The Basic Fundamentals


Water Conservation: Begin your planning around this one main feature of xeriscaping. Research the drought-resistant and native plants common to your area. Know what the annual precipitation is for your area and how it is spread throughout the season.

Plan your garden on paper by noting the north, south, east and west and any features that may affect your planting choices. For instance are there any large shade trees, or areas that receive more sun than others. On hot, dry areas facing the south and west, use plants that require less moisture. For north and east-facing slopes, choose plants that need more water.

Take note of the shape of the land and the drainage patterns. Plan areas of run off to flow toward plants that require more watering.

Allow areas for seating, and walkways. Plan larger trees, ornamental grasses, and shrubs for extra shade, privacy or sound proofing. They also reduce evaporation by blocking the wind and keeping the soil cool.

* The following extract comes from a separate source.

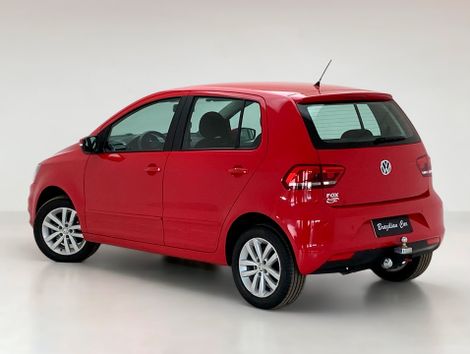 VolksWagen Fox Connect 1.6 Flex 8V 5p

Soil Improvement: Ideally, your soil in this type of landscape will do two things – provide quick drainage and store water at the same time. You can do this by improving your soil quality with mulch and compost. If you have soil with a high alkaline (pH) and low phosphorous content, the addition of bonemeal and rock phosphate can help.

Mulch should also be spread to retain moisture, keep the soil cool and block out weeds.

Limit Grass Areas: While you want some grass these areas should be limited due to their high maintenance and high moisture requirements. Wherever possible plant water-saving varieties of lawn seed. Consider converting existing lawn areas to rock gardens, or patio.

Use Proper Plants: Native plants are the best choices for drought resistance and low maintenance. Consider the size of the plant upon maturity and whether it will require pruning or pest treatment. Keep plants with similar needs together. Don't plant drought resistant varieties side by side with those that require regular watering.

Irrigation: Use drip irrigation systems or soaker hoses for regular watering. They prevent over watering and are less prone to evaporation than sprinkler methods. Don't waste your rainwater. Set up some rain barrels and use them with your irrigation system, or direct your drain spouts towards plants that require more watering.

Water plants just to the point of seeing runoff, allow the lawn to absorb the water and then resume when needed.

Put your irrigation system on a timer and set for early morning waterings, before it starts to get hot.

Maintenance: Although there is much less maintenance required in tending a xeriscape garden, it is important to stay on top of any weeds that do pop up and ensure your garden is fertilized regularly. Pick off faded flowers to extend blooming times.